Organized by sub-genre, the book starts with Native slipstream, stories infused with time travel, alternate realities and alternative history like Vizenor’s “Custer on the Slipstream.” Next up are stories about contact with other beings featuring, among others, an excerpt from Gerry William’s The Black Ship. Dillon includes stories that highlight Indigenous science like a piece from Archie Weller’s Land of the Golden Clouds, asserting that one of the roles of Native science fiction is to disentangle that science from notions of “primitive” knowledge and myth. The fourth section calls out stories of apocalypse like William Sanders’ “When This World Is All on Fire” and a piece from Zainab Amadahy’s The Moons of Palmares. The anthology closes with examples of biskaabiiyang, or “returning to ourselves,” bringing together stories like Eden Robinson’s “Terminal Avenue” and a piece from Robert Sullivan’s Star Waka.
An essential book for readers and students of both Native literature and science fiction, Walking the Clouds is an invaluable collection. It brings together not only great examples of Native science fiction from an internationally-known cast of authors, but Dillon’s insightful scholarship sheds new light on the traditions of imagining an Indigenous future.
Now for something different, book 2 in Mindee Arnett’s Avalon series (I need to read book 1 now, they look awesome):
Following the events of Avalon, Jeth Seagrave and his crew are on the run. Jeth is desperate to find the resources and funding he needs to rescue his mother from an ITA’s research lab and leave this whole galaxy behind for a new life somewhere else. But the ITA is just as desperate, and soon Jeth finds himself pursued by a mysterious figure hell-bent on capturing Jeth and his crew—dead or alive. In a last-ditch effort to save everyone he holds dear, Jeth enters into a bargain with the last person he ever thought he’d see again: Dax Shepherd, the galaxy’s newest and most fearsome crime lord. And he’s not the only one: upon arriving back at Peltraz spaceport for the first time since he witnessed the death of his old employer, Jeth discovers Dax has a new partner: Jeth’s mother, Marian.
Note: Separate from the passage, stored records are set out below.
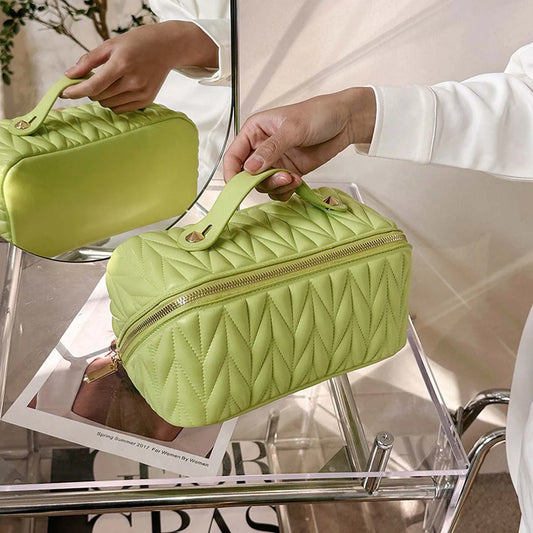 Une main délicate tient une élégante Trousse_de_toilette_femme vert clair, ornée de motifs matelassés en chevrons et de détails dorés.
Posée sur une table transparente, la trousse projette son reflet dans un miroir, créant une double présence visuelle.
Un magazine de mode se trouve sous la trousse, suggérant un univers de beauté et de style.
Le design compact et sophistiqué de cet accessoire en fait une parfaite trousse de toilette femme.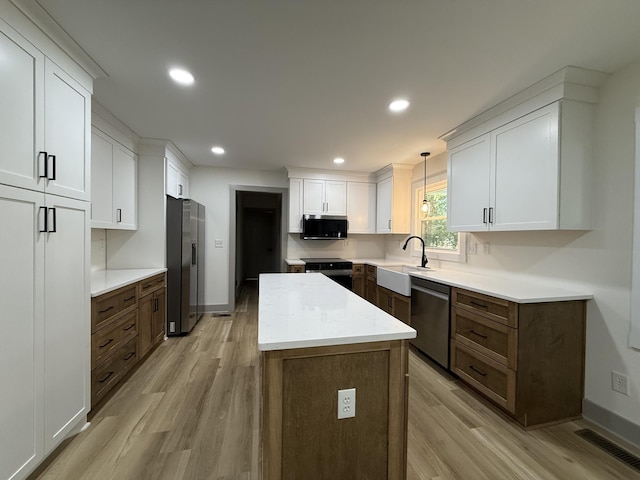 305 Twelve Oaks Rd, Tullahoma, TN 37388 - kitchen featuring appliances with stainless steel finishes, a sink, light wood finished floors, a kitchen island, and recessed lighting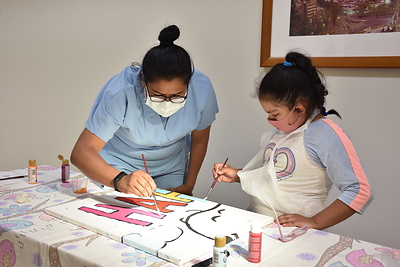 Brushing Up on Happiness with Snoopy: At Hospital Shriners Para Ninos in Mexico City, Guadalupe Lino and young patient Silvia paint the Snoopy and Woodstock mural donated to the hospital by Peanuts Worldwide and the nonprofit Foundation for Hospital Art. The mural is one of 70 donated to hospitals worldwide as part of the global “Take Care With Peanuts” initiative, launched October 2 in conjunction with the 70th Anniversary of Peanuts. (CNW Group/Peanuts Worldwide)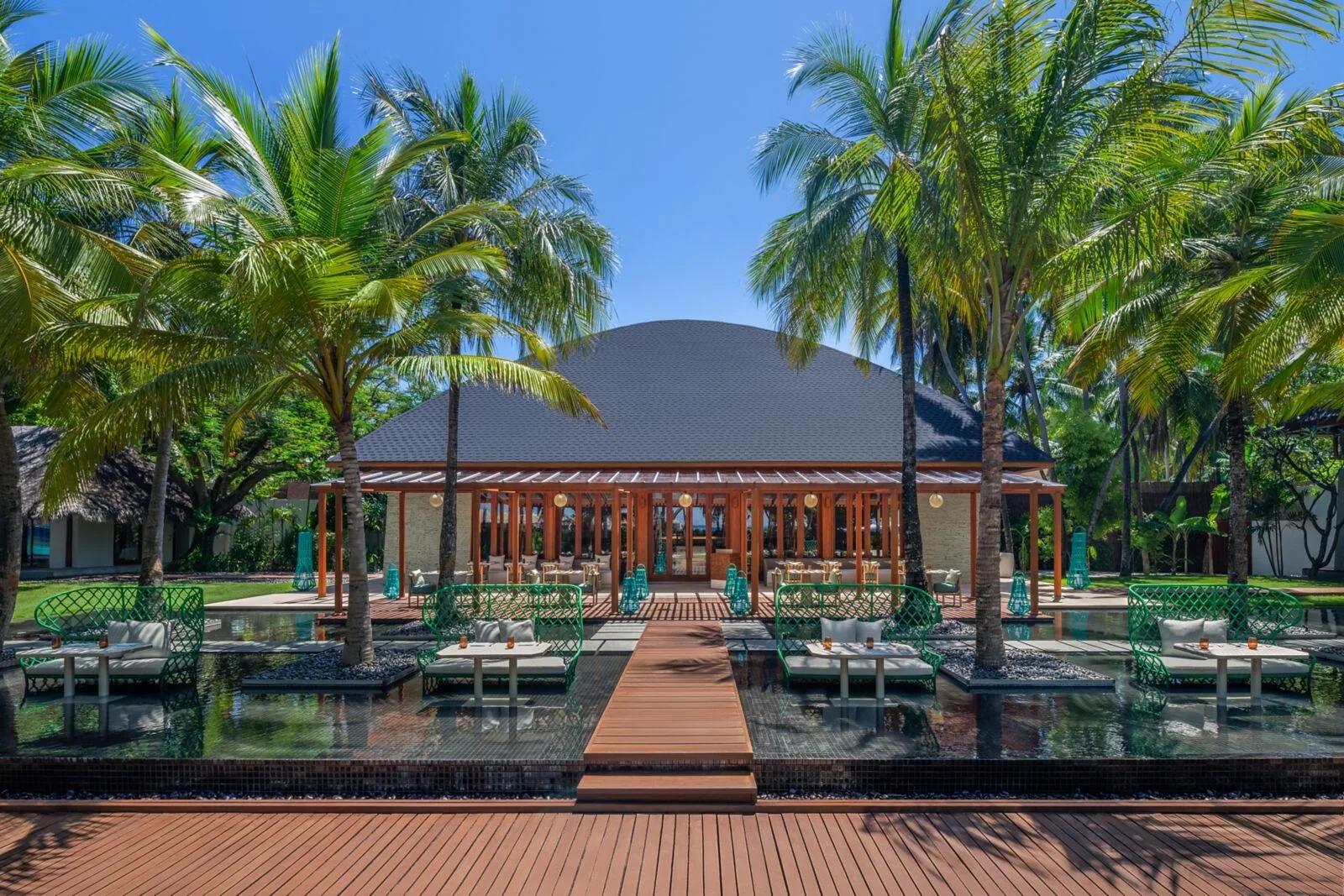 KITCHEN, W Maldives' all-day dining pavilion, its domed roof set among palm trees at the end of a reflecting-pool walkway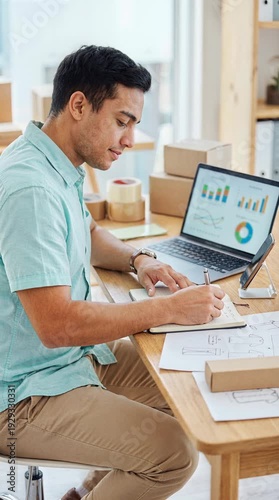Man working at desk reviewing data on laptop with boxes in background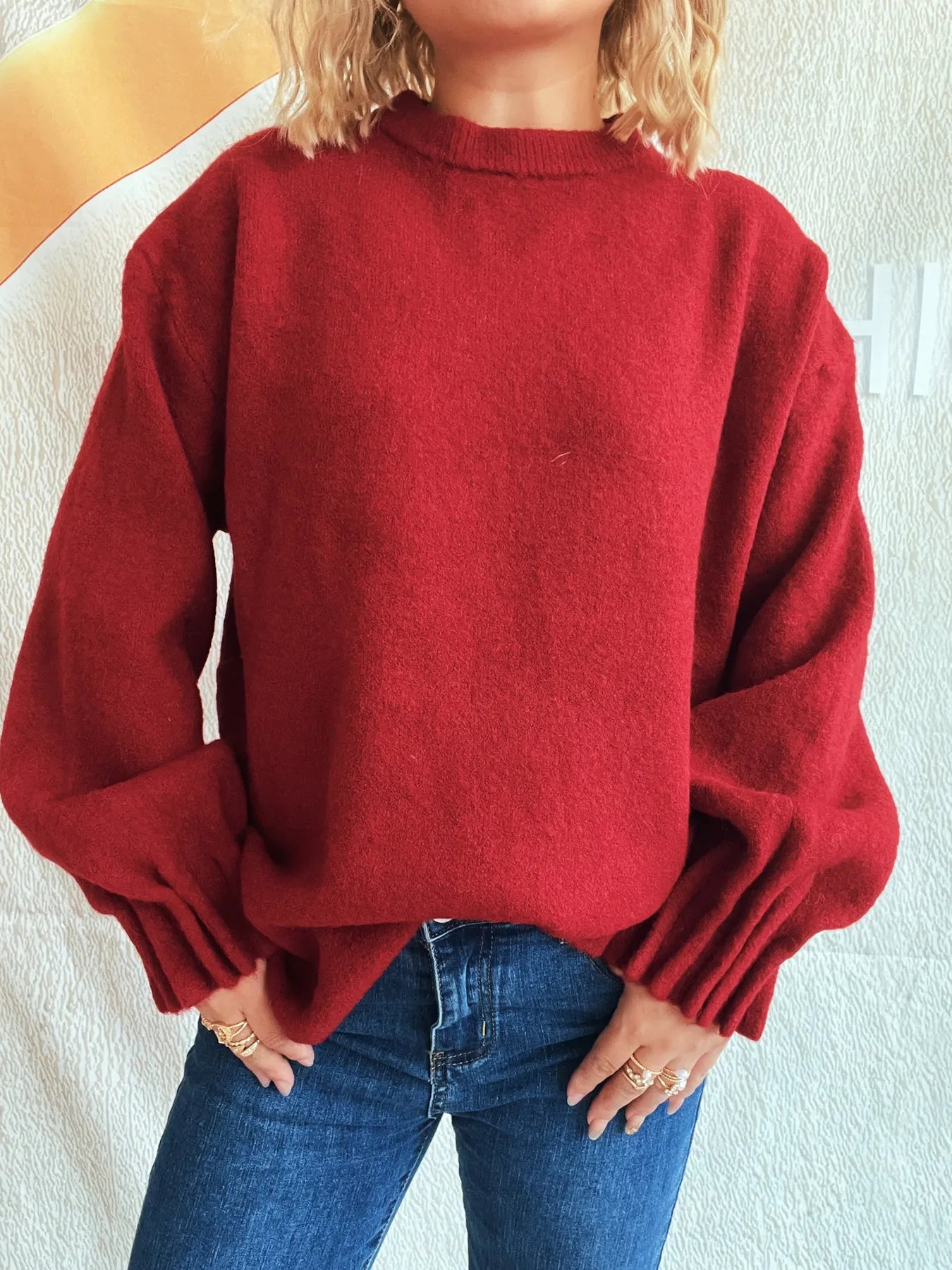 Red round neck dropped-shoulder sweater with ribbed cuffs and relaxed fit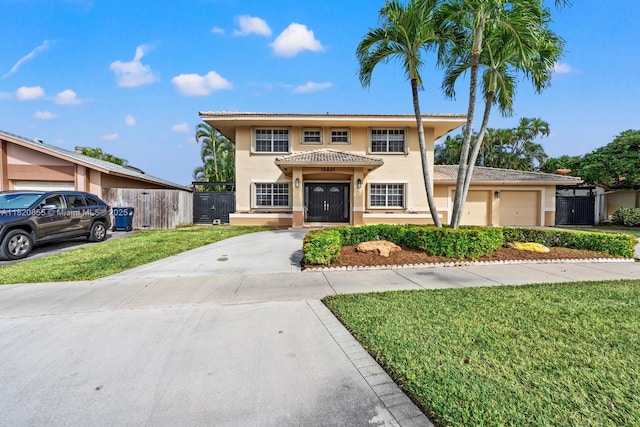 12821 SW 148th St Rd, Miami, FL 33186 - view of front facade featuring stucco siding, driveway, a tile roof, and a gate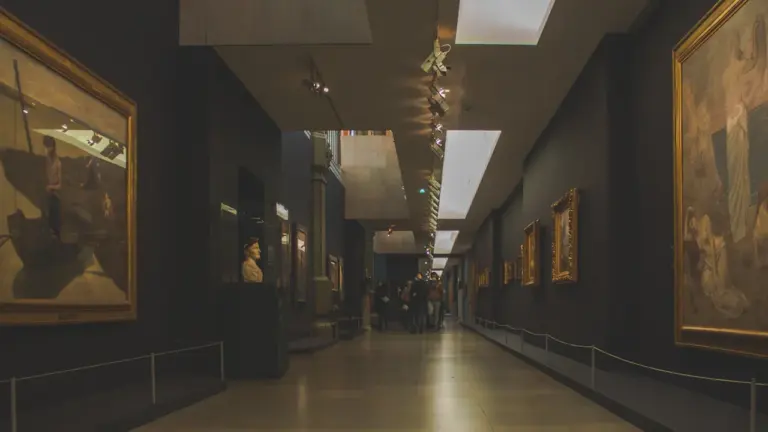 Intérieur d'un musée français avec des peintures classiques exposées sur un long mur.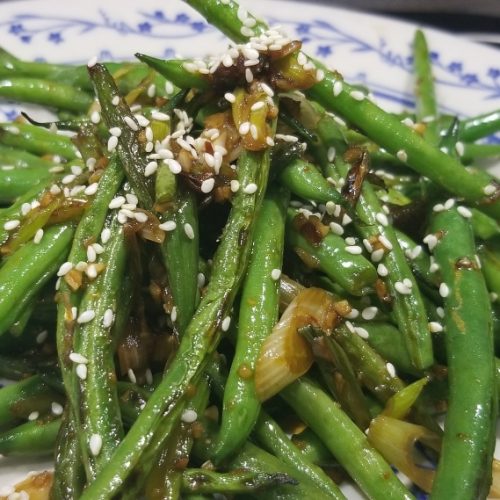 French Green Beans with liquid aminos rice wine vinegar garlic chili sauce and sesame seeds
This shocking turn of events is only the first in another breathless, action-packed sci-fi adventure rife with danger, love, and betrayal, as Jeth has to once again ask himself how much he’s willing to invest in a morally bankrupt galaxy in the hopes of saving those he cares for.
And last but not least, a science fictional Fast and the Furious? Oookay, you have my attention.
The Fast and the Furious gets a sci-fi twist in this action-packed debut
On corporately controlled Castra, rally racing is a high stakes game that seventeen-year-old Phoebe Van Zant knows all too well. Phee’s legendary racer father disappeared mysteriously, but that hasn’t stopped her from speeding headlong into trouble. When she and her best friend, Bear, attract the attention of Charles Benroyal, they are blackmailed into racing for Benroyal Corp, a company that represents everything Phee detests. Worse, Phee risks losing Bear as she falls for Cash, her charming new teammate. But when she discovers that Benroyal is controlling more than a corporation, Phee realizes she has a much bigger role in Castra’s future than she could ever have imagined. It’s up to Phee to take Benroyal down. But even with the help of her team, can a street-rat destroy an empire?
And that’s it from us! What books do you have on YOUR radar?